This is in bookshops now.
One of my most comforting memories of primary school is being read to aloud. With our head on our desks, the warmth of the radiator on our backs and the smell of wet jackets filling the air our teacher read to us and let our imaginations roam.
It’s a similar feeling of homeliness, warmth and comfort I get when I read Janet Frame. I first read Faces in the Water in my first year at Art School; standing in the ground floor of Dunedin’s Central Library I wanted something to read and the name ‘Janet Frame’ seemed familiar but I didn’t know why.
As I devoured that book, then her three-book autobiography, then Owls Do Cry, the New Zealand described – particularly the southern most parts – felt so familiar and so real to me. I wanted to keep parts of these magical books so copied out passages about jars of marigolds and tiled floors of sandwiches and roses growing over carpets and fire guards into a special notebook so I could remember them and keep them close; the best parts.
Since that first reading I’ve firmly held Janet Frame as my favourite author and worked through most of her catalogue over time.
It’s with some embarrassment that I tell you that Penguin Books sent me a review copy of Gorse is Not People in August last year. And with some unashamed greediness that I admit to purposefully reading it slowly, savouring its stories and words so it might (almost) never end.
Gorse is Not People brings together 28 short stories by Janet Frame that span the length of her career. None of these stories has been published in a collection before – several are previously unpublished works in their own right and others have been published in well-known magazines such as The New Yorker.
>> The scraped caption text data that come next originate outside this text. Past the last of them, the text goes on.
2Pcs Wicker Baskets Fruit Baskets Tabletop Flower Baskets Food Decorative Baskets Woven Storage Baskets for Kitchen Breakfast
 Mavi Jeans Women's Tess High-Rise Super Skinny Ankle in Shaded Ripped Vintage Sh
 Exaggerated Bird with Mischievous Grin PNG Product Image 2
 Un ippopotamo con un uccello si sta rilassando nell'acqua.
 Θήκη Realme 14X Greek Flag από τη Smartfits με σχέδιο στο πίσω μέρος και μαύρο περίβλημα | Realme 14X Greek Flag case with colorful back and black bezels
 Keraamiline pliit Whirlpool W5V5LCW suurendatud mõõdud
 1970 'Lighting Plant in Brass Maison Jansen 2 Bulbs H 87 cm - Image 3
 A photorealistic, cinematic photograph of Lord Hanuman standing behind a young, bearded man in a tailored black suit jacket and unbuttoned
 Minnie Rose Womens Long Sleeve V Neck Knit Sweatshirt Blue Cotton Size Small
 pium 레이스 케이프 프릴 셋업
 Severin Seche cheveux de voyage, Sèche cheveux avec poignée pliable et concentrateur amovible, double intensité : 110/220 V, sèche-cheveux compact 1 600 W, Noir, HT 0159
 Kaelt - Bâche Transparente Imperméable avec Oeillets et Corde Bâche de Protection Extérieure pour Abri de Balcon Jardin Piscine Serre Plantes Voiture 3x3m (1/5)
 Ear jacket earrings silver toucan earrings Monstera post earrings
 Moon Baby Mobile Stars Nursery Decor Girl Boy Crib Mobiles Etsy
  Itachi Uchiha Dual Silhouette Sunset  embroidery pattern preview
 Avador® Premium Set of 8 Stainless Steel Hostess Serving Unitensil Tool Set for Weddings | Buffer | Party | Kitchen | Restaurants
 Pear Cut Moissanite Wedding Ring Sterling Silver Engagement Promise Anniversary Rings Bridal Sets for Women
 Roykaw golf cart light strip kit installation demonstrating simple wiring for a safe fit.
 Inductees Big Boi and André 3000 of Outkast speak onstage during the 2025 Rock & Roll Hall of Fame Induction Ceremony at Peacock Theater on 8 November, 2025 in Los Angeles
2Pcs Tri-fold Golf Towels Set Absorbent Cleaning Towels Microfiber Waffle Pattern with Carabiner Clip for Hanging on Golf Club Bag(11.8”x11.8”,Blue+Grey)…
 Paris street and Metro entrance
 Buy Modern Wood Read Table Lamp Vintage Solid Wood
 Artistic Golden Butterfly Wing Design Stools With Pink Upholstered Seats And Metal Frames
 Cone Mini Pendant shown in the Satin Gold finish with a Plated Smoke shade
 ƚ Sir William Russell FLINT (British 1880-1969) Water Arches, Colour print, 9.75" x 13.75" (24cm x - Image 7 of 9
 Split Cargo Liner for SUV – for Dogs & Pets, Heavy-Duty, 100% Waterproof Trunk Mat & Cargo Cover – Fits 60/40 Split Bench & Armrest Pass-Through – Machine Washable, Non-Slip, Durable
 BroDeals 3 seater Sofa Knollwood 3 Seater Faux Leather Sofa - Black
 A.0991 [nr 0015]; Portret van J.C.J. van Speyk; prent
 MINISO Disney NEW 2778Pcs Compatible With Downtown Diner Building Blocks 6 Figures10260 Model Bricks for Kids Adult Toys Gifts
This is the stuff of classic Frame. Rich layered writing with immediately imaginable characters – at times with a dose of fairytale and more than once with a desperate and deep sadness.
Readers of Faces in the Water will immediately identify with the grim prospects of Naida in the title story and the shabby below-par evening activity of a film showing when it’s too light to see the film – as described in ‘A Night at the Opera.’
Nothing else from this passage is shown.